スリー・タイムズ 最好的時光

 今日は東京フィルメックスのオープニンング。台湾ホウ・シャオシェン監督(侯孝賢)の「スリー・タイムズ/最好的時光」を見てきた。
 この作品は3部構成で、まず第1話は1966年の高雄、第2話は1911年の遊郭、そしてラストは現代の台北が舞台。3話を通して主演のスー・チーチャン・チェンほか同じ俳優によって演じられる。1話目は「恋愛の夢」と題され、ビリヤード場のスコア係の娘と兵役を前にした若者の淡い恋の話。ホウ監督自身の淡い初恋の思い出が基になっているらしい。2作目は「自由の夢」。芸妓とその愛人である詩人の切ない恋。民国時代の古装姿のスーチーはもうめちゃくちゃ色っぽい。会話はすべてサイレント。それは監督自身の説明によると、古い時代独特の言葉を主演二人に完璧にしゃべらせるのはスケジュール的に難しかったためらしい。でもこれはなかなかいい効果だった。(「悲情城市」でトニーがしゃべらなかったのを思い出した)日本統治から自由になりたいという時代の熱を帯びた夢、遊郭の芸妓から自由な身になりたいという女の悲しい夢、全編通じて奏でられる琵琶の音色がとても気分を盛り上げた。私はこの2編目を見ただけでかなり満足。美しかった。眼福無勝。3作目は「青春の夢」。現代の台北の若者たちの退廃的な青春を描いている。まあ、コレはコレで若者は好きなのかな?私には別になくてもいいパートだったけど。
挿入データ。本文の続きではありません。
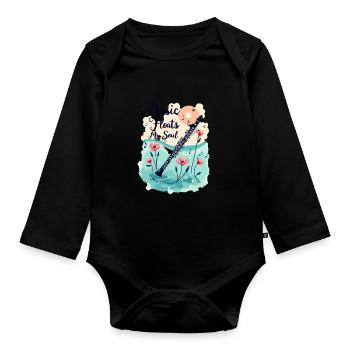 Clarinet with Flowers - Music floats my soul - Organic Longsleeve Baby Bodysuit - black - Front
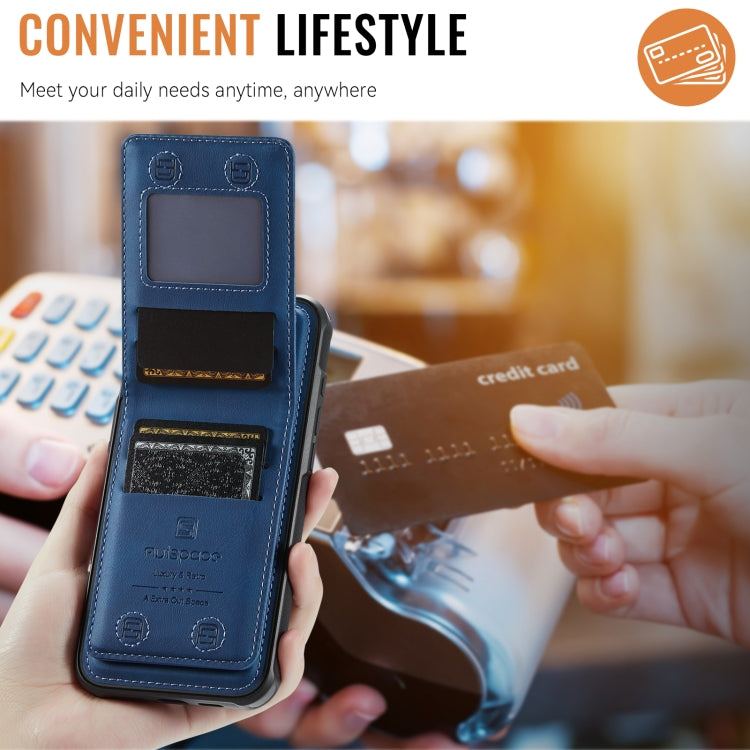 For iPhone 12 Pro Max AutSpace A12 MagSafe Magnetic RFID Card Bag Phone Case(Blue) - iPhone 12 Pro Max Cases by AutSpace | Online Shopping UK | buy2fix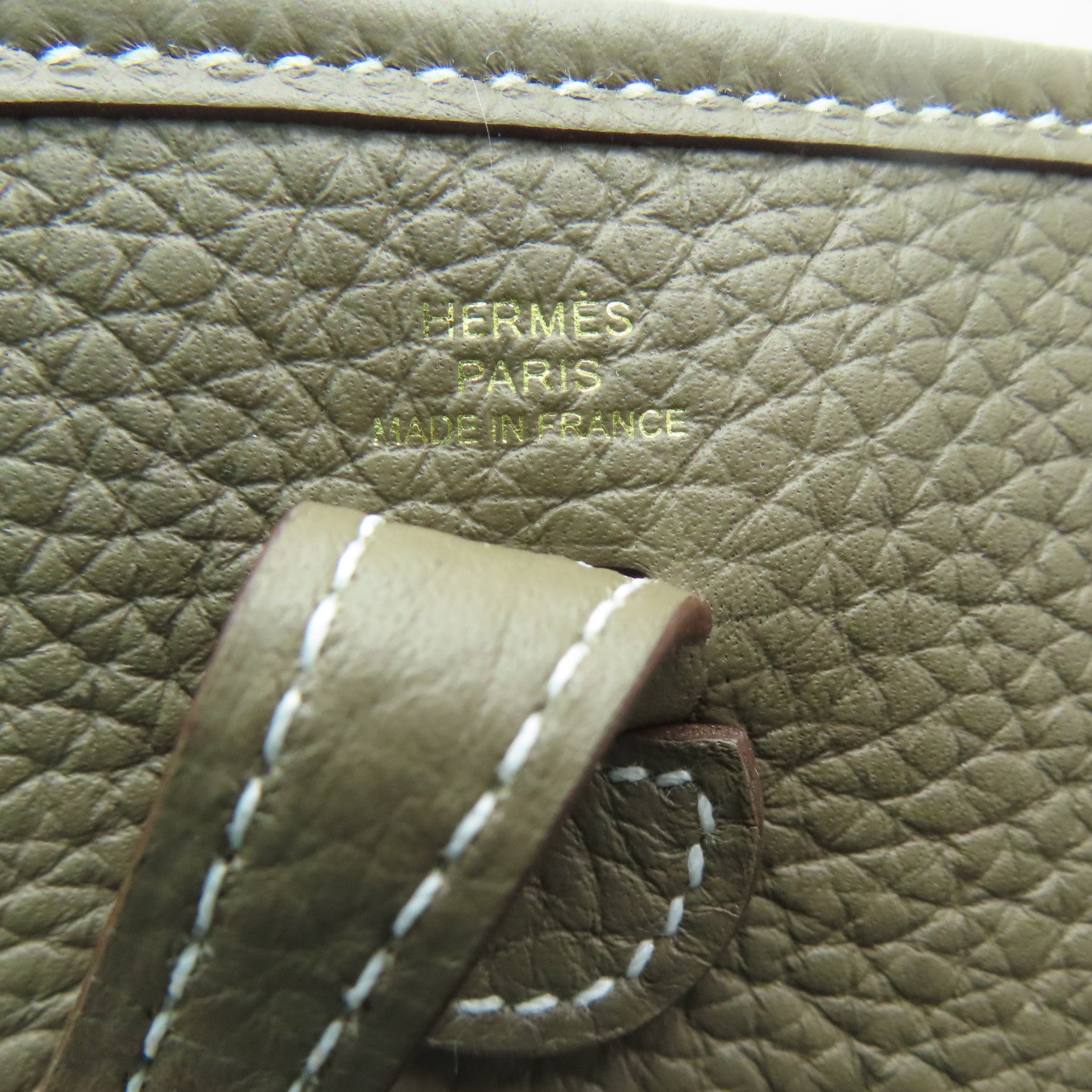 HERMES Clemence皮革Evelyne TPM金扣肩背袋棕色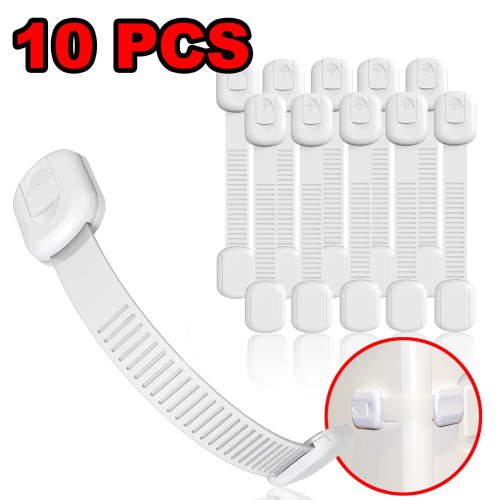 Baby Proofing Baby Locks Child Safety Cabinet Locks 10PCS White Child Proof Latch for Kids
 3作ともいずれもホウ・シャオシェンらしい作品で、ある意味、彼の創作作風のオムニバス映画といえるかも。ホウ監督は最初、3本とも別の監督で撮影する企画で出資を募ったそうだが、それにはスポンサーがつかず、紆余曲折あって結局ホウ監督自身が3本とも手がけることになったそうだ。でも、多くのホウ監督信者はそのほうがかえってよかったのではないかな。完全版:候世界的時光でありました。


 鑑賞終って、東京国際フォーラムに隣接する11月11日にオープンしたばかりの東京ビルディングの1階の中華料理レストランで食事をしたのだが、ここは久し振りに行き当たった、イマイチ私の口に合わない中華を出す店だった。店の人の感じも悪くないし、外見やインテリアもなかなかすてきなのだけど。でも、注文した品物と違うものは出てくるわ、香草は全然匂わないわ、酸辣湯(サンラータン)もあんかけ焼きそばも全く同じケチャップ味のあま〜い食べ物。どうやら日本人シェフらしい。こういう味をお好きな人も多いのかもかもだけど、私はケチャップ味はオムライス以外わりと苦手なので。こんなことならB1のつるとんたんにでも行けばよかったと後悔しきり。